Public Hearing: As a result of the comments received after publication of the notice of complete application in February 2008, the Department staff has revised the draft SPDES permit and determined to hold a legislative hearing to receive public comment. The hearing to receive comments on the available draft permits and permit applications will be held on Wednesday, September 24, 2008 at 7:00 p.m. at the Knights of Columbus, 10 Fair Street, Carmel, New York.
It is not necessary to file in advance to speak at the legislative hearing. All those individuals, organizations, and businesses who wish to provide comments are encouraged to attend. Lengthy statements should be in writing and summarized for oral presentation. Written comments are also welcome up to and including October 6, 2008 and should be mailed to Scott Sheeley at the address noted below. Equal weight will be given to both oral and written statements. The hearing location is reasonably accessible to persons with a mobility impairment.

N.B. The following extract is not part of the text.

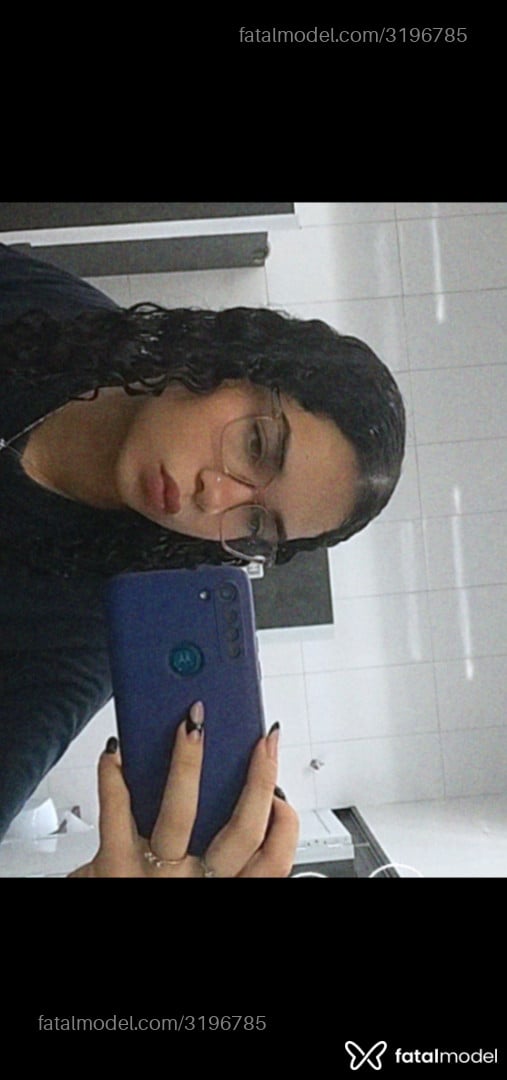 Acompanhante mulher com cabelo castanho de olhos verdes - Cris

Pursuant to the State Administrative Procedure Act (SAPA), interpreter services shall be made available to hearing impaired persons, at no charge, upon written request to Scott Sheeley at the address noted below.
Department Staff's Position: The NYS DEC staff has tentatively determined that the proposed project is in accordance with all applicable environmental laws and regulations and has produced draft water supply and SPDES permits for the public's review.